### About this task
The listing below holds a line with "bluzka oversize damska" and a later line with "PC Monitor Stand". Write out those two lines and every line between them, exactly, and nothing else.

### Working data
***

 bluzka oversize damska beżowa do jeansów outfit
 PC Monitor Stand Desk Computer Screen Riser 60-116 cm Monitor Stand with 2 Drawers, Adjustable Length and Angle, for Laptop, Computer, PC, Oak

***

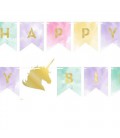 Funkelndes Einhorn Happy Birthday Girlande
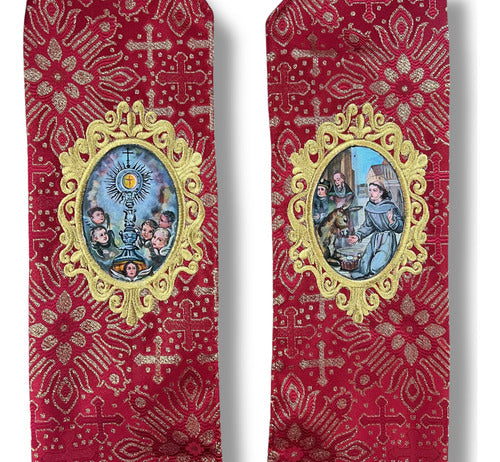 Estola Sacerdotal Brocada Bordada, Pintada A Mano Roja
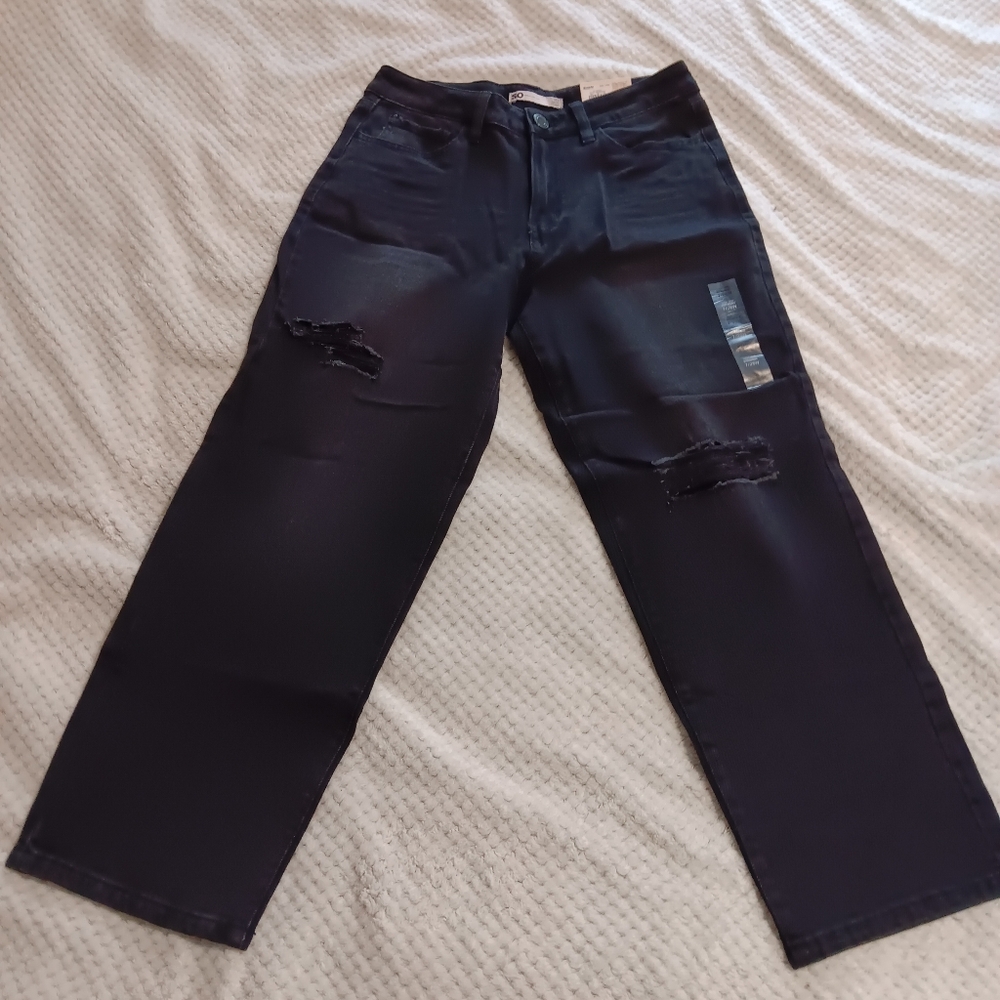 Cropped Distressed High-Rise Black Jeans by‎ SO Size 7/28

***

### Answer space
 bluzka oversize damska beżowa do jeansów outfit
 PC Monitor Stand Desk Computer Screen Riser 60-116 cm Monitor Stand with 2 Drawers, Adjustable Length and Angle, for Laptop, Computer, PC, Oak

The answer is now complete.